Today is National POW-MIA Recognition Day, a day we remember those who languished in enemy prison camps or who were never accounted for during a conflict. VFW post 4002 and American Legion auxiliary held a somber ceremony at Eastman Estates in Longview, commemorating National POW-MIA recognition day. A POW-MIA flag was presented to be flown continually at the facility.
"Today's opportunity to raise the flag on our pole became a very special moment for us because we do want people to remember those that are still missing in action," says Eastman Estates life enrichment director Rhonda Colby.

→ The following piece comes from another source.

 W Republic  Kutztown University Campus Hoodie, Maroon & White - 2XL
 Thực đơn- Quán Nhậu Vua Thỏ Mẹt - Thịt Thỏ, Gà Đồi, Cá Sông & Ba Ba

The term POW-MIA was first brought to national attention during the Korean war, then even moreso after the revelation of the horrors inflicted on American prisoners of war in Vietnam.
"There's many families that still don't know where the remains of their loved ones are," says VFW post 4002 member Robert Wallace.
For Eastman resident Bobby Reeves, a Korean War and Vietnam War veteran, it's a reminder of the cost of war.
"Millions sacrificed their lives for the protection of this country. We've still got people missing, and until they are located and brought home, the Vietnam war is not over. They need to be located and brought home," Reeves says.
Today, there are still 83,417 Americans missing in action, according to the Department of Defense Prisoner of War-Missing Personnel Office. That includes some 73,681 from World War II; 7,947 from the Korean War; 126 during the Cold War; 1,657 from the Vietnam War; and six from Iraq and other conflicts.